W najnowszym sondażu SW Research dla „Rzeczpospolitej” zapytano respondentów: „Czy, gdyby na Ukrainie pojawiły się siły pokojowe, w ich skład powinni wchodzić polscy żołnierze?”
61,1 proc. badanych jest przeciwna takiemu pomysłowi, a 17,3 proc. opowiedziało, że zgadza się pozytywnie za takim rozwiązaniem. 21,6 proc. nie miało zdania w tej sprawie.
Sondaż o polskich wojskach w Ukrainie. Większość respondentów przeciwna
Biorąc pod uwagę płeć, z badania wynika, że 63,9 proc. mężczyzn i 58,7 proc. kobiet nie chce Polskich żołnierzy w Ukrainie.
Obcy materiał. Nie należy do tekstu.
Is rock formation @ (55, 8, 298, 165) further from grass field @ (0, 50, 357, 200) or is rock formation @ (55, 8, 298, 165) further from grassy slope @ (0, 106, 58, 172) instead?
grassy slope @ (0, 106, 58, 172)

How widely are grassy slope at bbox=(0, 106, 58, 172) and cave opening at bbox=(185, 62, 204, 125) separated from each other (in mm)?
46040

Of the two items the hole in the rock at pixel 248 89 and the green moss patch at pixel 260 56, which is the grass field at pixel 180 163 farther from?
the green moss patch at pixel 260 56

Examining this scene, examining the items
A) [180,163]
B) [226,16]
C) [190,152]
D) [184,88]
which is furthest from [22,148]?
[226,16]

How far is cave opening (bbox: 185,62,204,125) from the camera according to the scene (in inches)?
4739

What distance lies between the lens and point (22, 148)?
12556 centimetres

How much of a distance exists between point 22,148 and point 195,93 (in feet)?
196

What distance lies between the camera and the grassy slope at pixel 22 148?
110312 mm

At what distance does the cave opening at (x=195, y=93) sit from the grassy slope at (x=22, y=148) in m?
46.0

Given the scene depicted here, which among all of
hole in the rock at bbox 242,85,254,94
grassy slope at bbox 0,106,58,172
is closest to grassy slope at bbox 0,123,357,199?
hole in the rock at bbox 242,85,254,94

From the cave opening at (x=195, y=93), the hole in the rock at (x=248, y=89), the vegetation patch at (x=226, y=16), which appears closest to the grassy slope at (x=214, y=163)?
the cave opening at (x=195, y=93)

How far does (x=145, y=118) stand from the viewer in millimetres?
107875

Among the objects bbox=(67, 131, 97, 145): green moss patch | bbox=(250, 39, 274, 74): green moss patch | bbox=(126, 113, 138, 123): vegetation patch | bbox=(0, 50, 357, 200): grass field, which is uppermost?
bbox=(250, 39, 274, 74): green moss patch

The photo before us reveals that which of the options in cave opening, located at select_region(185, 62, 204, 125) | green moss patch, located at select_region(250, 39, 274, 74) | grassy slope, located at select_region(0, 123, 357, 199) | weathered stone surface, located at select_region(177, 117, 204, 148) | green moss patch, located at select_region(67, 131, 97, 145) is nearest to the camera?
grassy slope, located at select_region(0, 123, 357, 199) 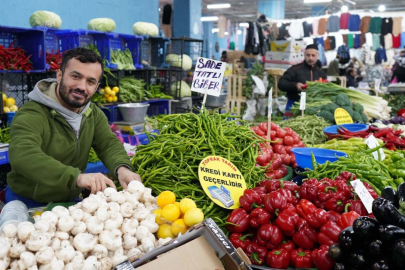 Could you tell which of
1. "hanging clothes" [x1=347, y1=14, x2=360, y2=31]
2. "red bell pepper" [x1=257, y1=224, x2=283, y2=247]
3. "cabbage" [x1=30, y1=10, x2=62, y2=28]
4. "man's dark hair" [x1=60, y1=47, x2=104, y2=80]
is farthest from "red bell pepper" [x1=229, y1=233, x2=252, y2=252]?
"hanging clothes" [x1=347, y1=14, x2=360, y2=31]

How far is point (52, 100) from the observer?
258 centimetres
Takie zdanie posiadają również najmłodsze osoby biorące udział w badaniu – wśród nich 69 proc. respondentów nie chce wysłania Polaków na ziemie naszego wschodniego sąsiada. Władze Polski zastrzegają, iż nasz kraj nie zamierza wysyłać armii do Ukrainy.
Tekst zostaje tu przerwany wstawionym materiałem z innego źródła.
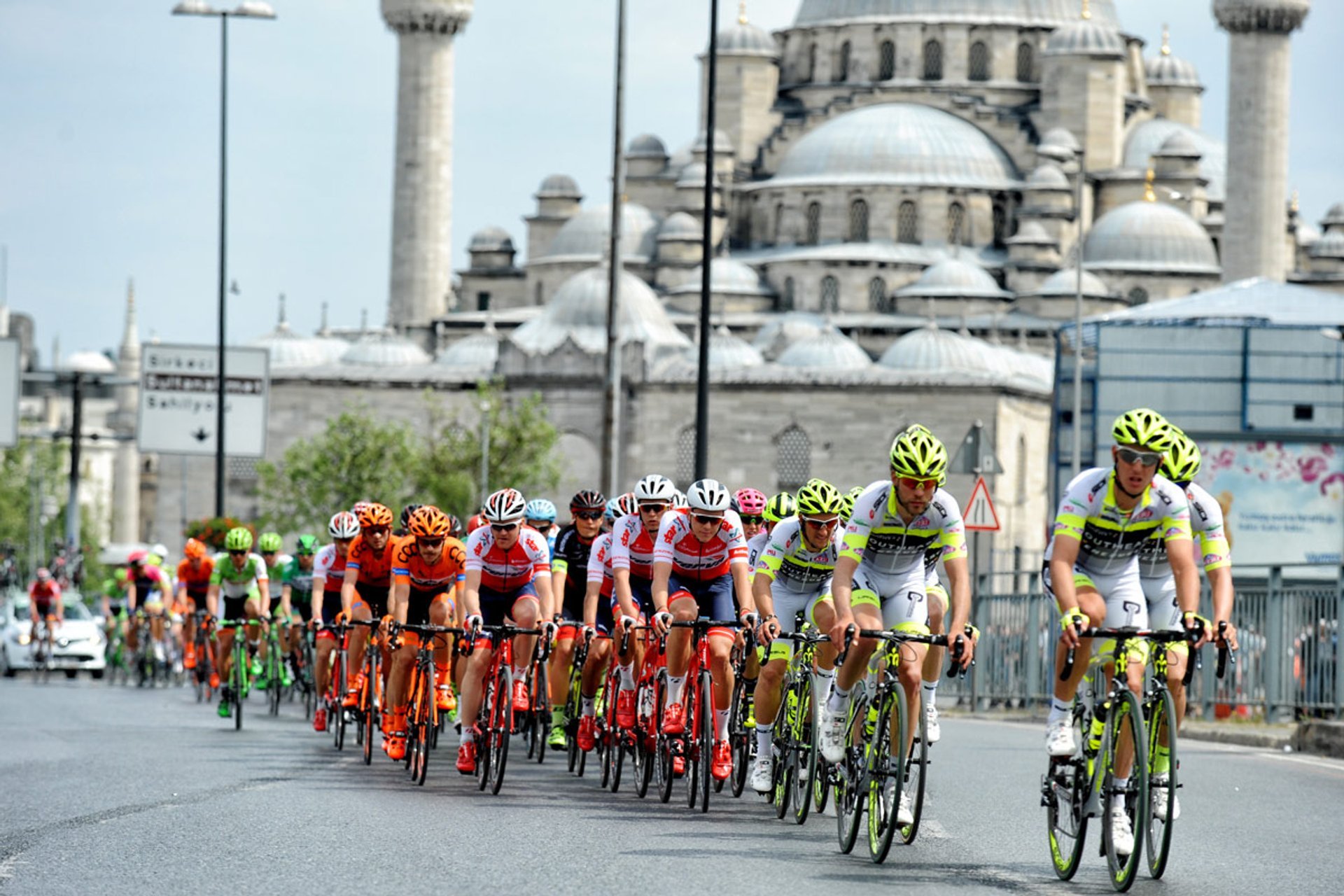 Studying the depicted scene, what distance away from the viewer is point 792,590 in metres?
12.0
– Zaangażowanie polskich żołnierzy w działania pokojowe najczęściej popierają respondenci posiadający wykształcenie zasadnicze zawodowe (27 proc.) – skomentowała powyższe wyniki Wiktoria Maruszczak, senior project manager w SW Research.
Władimir Putin stawia warunki. Dotyczą m.in. obcych wojsk w Ukrainie
Po spotkaniu Wołodymyra Zełenskiego i Donalda Trumpa w Białym Domu, prezydent USA oznajmił, że Rosja wyraziła zgodę na gwarancje bezpieczeństwa dla Ukrainy. Federacja Rosyjska nie zgadza się jednak, aby było ona realizowana w formie obecności międzynarodowych sił na terytorium Ukrainy.
Putin chce, by Ukraina porzuciła ambicje związane z obecnością w NATO. W tej kwestii wielokrotnie głos zabierał również Donald Trump, który wskazywał, że kraj nigdy nie stanie się częścią Sojuszu.
Oprócz tego Kreml zamierza postawić również warunki wobec NATO. Chce prawnie wiążącego zobowiązania, że Sojusz Północnoatlantycki nie posunie się ani trochę na wschód.